Cuando, no bajo el efecto del gusto humano por la cercanía física del amado,
se puede meditar en su espíritu y en su amor…
Se comprende más el yo de la persona lejana…
Estoy seguro de que pensando en vuestro Maestro lo comprenderéis mejor todavía,
cuando veáis y contempléis en paz mis acciones y mis afectos.
– ¡Oh, Maestro!
¡Pero nosotros no tenemos dudas respecto a Ti!
– Ni yo respecto a vosotros.
Lo sé. Pero me conoceréis más todavía.
Y no os digo que me améis, porque conozco vuestro corazón.
Digo solamente: orad por Mí.
Los tres hermanos lloran…
¡Está tan triste Jesús!…
¿Cómo no llorar?
– ¿Qué queréis?
Dios había puesto el amor entre los hombres.
Pero los hombres, en su lugar, han metido el odio…
Y el odio divide no sólo a los enemigos entre sí,
sino que también se introduce astutamente para separar a los amigos.
Sigue un silencio largo.
Luego Lázaro dice:
– ¡Maestro, vete de Palestina durante un tiempo!…
– No.
Mi puesto está aquí.
Para vivir, evangelizar, morir.
– Pero encontraste un remedio para Juan y la griega.
Ve con ellos.
– No.
A ellos había que salvarlos.
Yo debo salvar.
Y ésta es la diferencia que explica todo.
El altar está aquí…
Y aquí está la cátedra.
No puedo ir a otro lugar.
Y además…
¿Creéis que ello cambiaría lo que está decidido?
No. Ni en la Tierra ni en el Cielo.
Lo único que haría sería empañar la pureza espiritual de la figura mesiánica.
Sería “el cobarde” que se salva con la fuga.
Debo dar el ejemplo, a los del presente y a los del futuro…
De que en las cosas de Dios, en las cosas santas, no hay que ser cobardes…
Lázaro suspira diciendo:
– Tienes razón, Maestro…
Y Martha, apartando la cortina,
apoya diciendo:
– Tienes razón…
La tarde avanza.
Ya no hay sol…
María se echa a llorar angustiosamente…
Como si esta palabra hubiera tenido el poder de disolver su fuerza moral,
que contenía su llanto vertiendo lágrimas sólo silenciosamente.

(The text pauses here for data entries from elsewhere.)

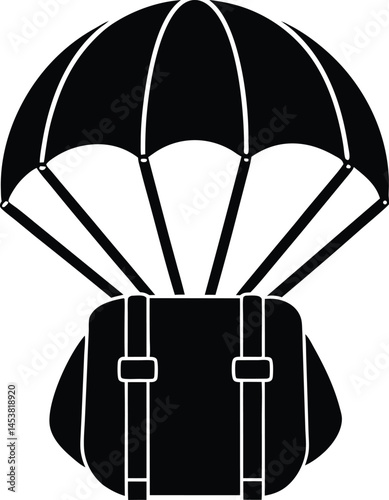 parachute backpack on white background 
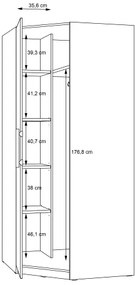 Rohová šatníková skriňa MARO 94x213 cm dub artisan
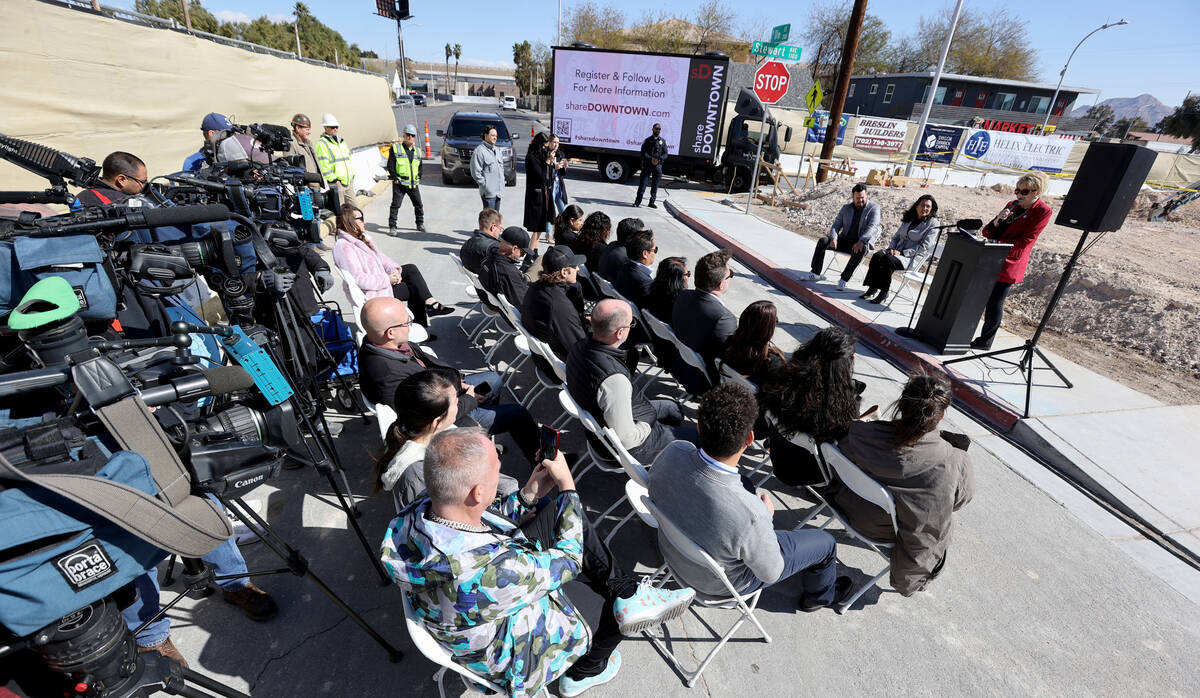 Las Vegas Mayor Carolyn Goodman speaks during a kickoff event for a five-story, 84-unit apartme ...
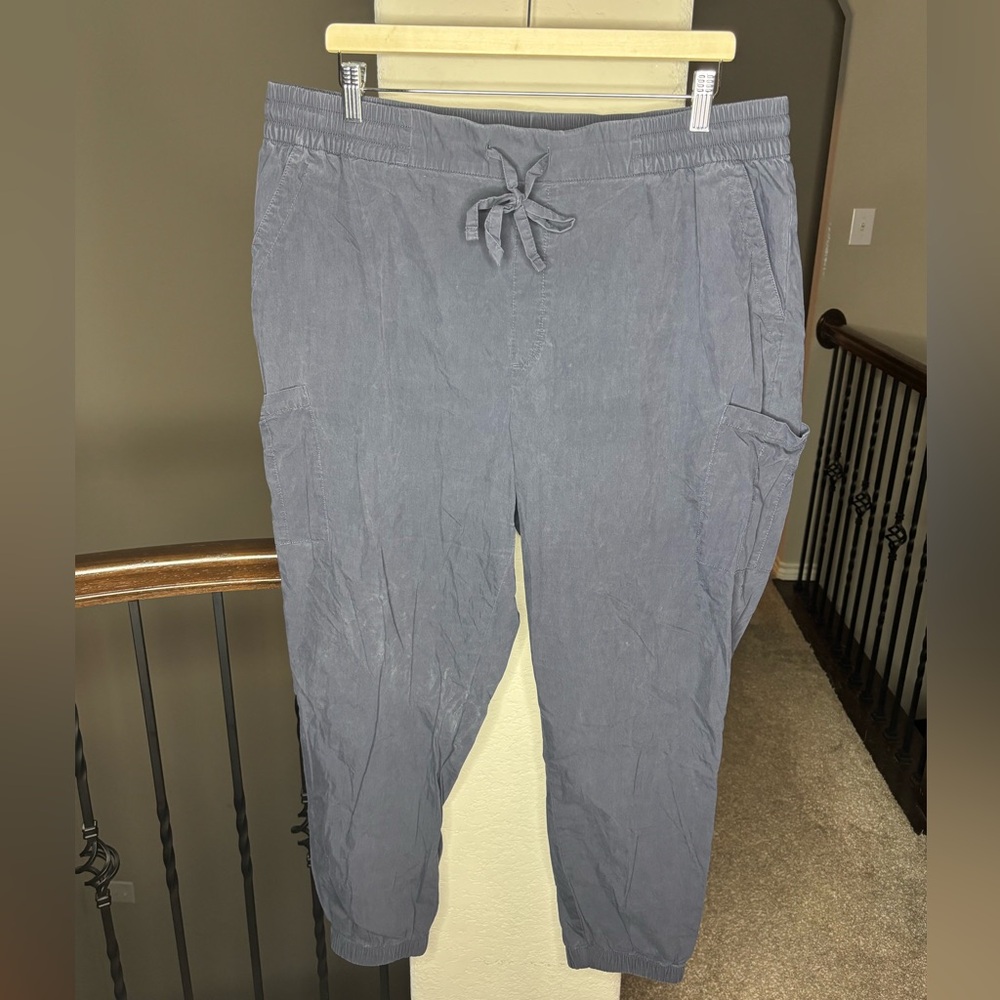 Old Navy Women’s Navy High-Waisted Poplin Tapered Jogger Cargo Pants Size XL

Llora más desconsoladamente que en la casa del fariseo,
cuando con su llanto pedía perdón al Salvador…
Martha le pregunta:
– ¿Por qué lloras así?
– ¡Porque has dicho la verdad, hermana!
Ya no hay Sol…
El Maestro se marcha…
Ya no hay Sol para mí… para nosotros…
Jesús dice:
– Calmaos.
Os bendigo.
Quede con vosotros mi bendición.
Y ahora dejadme con Lázaro, que está cansado y necesita silencio.
Velando a mi amigo descansaré.
Asistid a los apóstoles y haced que estén preparados para la hora de las sombras…
Las discípulas se retiran y Jesús se queda silencioso, recogido en Sí mismo;
sentado al lado del amigo que pierde vigor y que, satisfecho con esa cercanía,
se duerme con una leve sonrisa en el rostro.